### Problem to work on
Repeat the data that follows in full. Do not include the pictures.

### Data
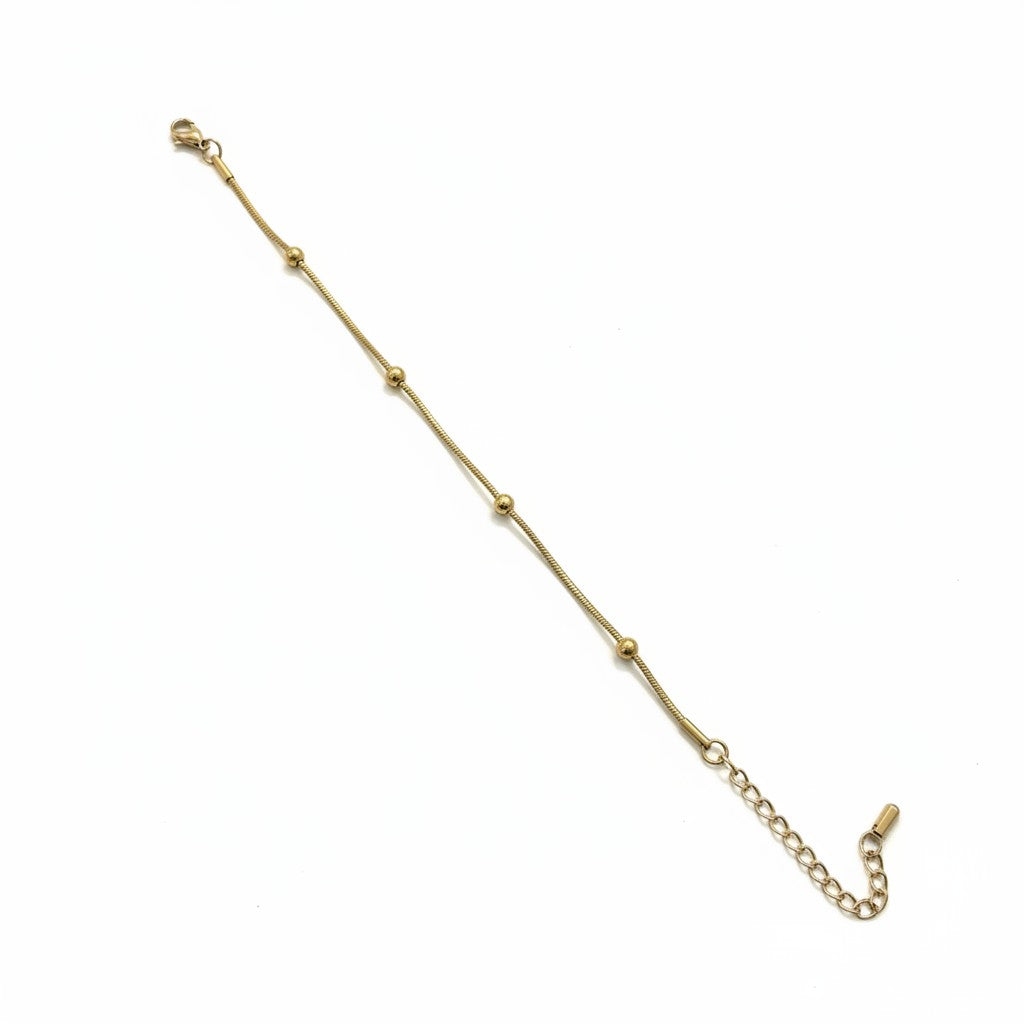 Bracciale Fanatikerie color oro a catena coda di topo con piccole sfere decorative stile rosario e chiusura regolabile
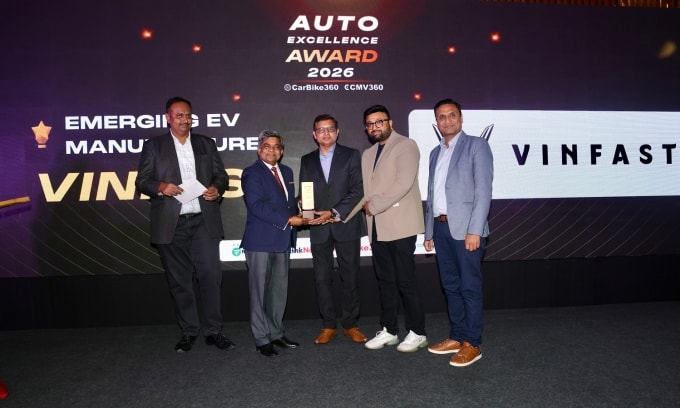 Ông Bhartendu Singh (giữa), Giám đốc Marketing VinFast Ấn Độ, nhận giải thưởng từ ban tổ chức Auto Excellence Awards 2026. Ảnh: VinFast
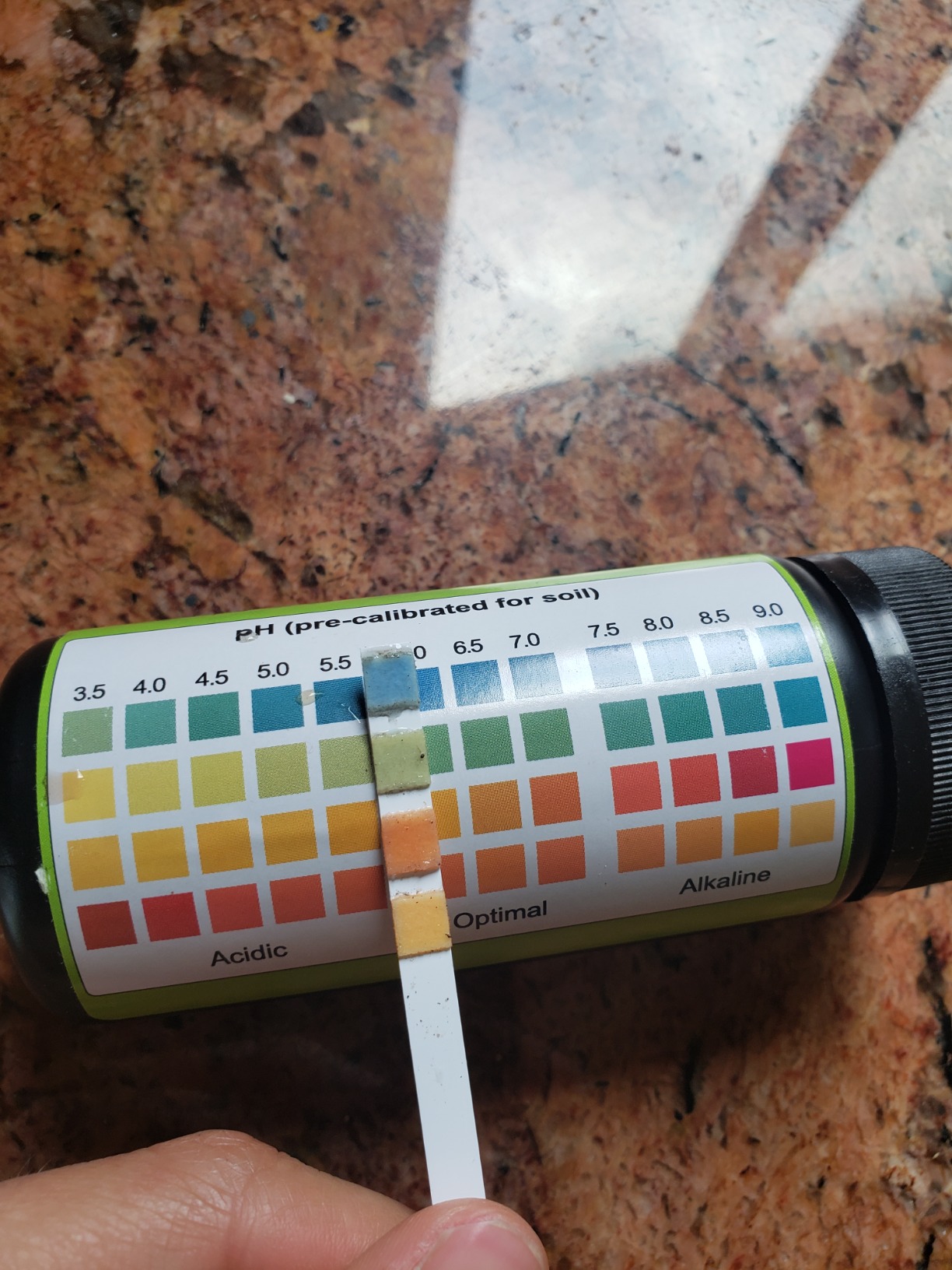 Soil pH Paper Test Kit - 100 Tester Strips (3.5-9 Range) - Use for Testing Garden Home Lawn Grass Vegetable Gardening Dirt Yard Compost Outdoor and Indoor Plants customer photo 1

### The completed task
 Bracciale Fanatikerie color oro a catena coda di topo con piccole sfere decorative stile rosario e chiusura regolabile
 Ông Bhartendu Singh (giữa), Giám đốc Marketing VinFast Ấn Độ, nhận giải thưởng từ ban tổ chức Auto Excellence Awards 2026. Ảnh: VinFast
 Soil pH Paper Test Kit - 100 Tester Strips (3.5-9 Range) - Use for Testing Garden Home Lawn Grass Vegetable Gardening Dirt Yard Compost Outdoor and Indoor Plants customer photo 1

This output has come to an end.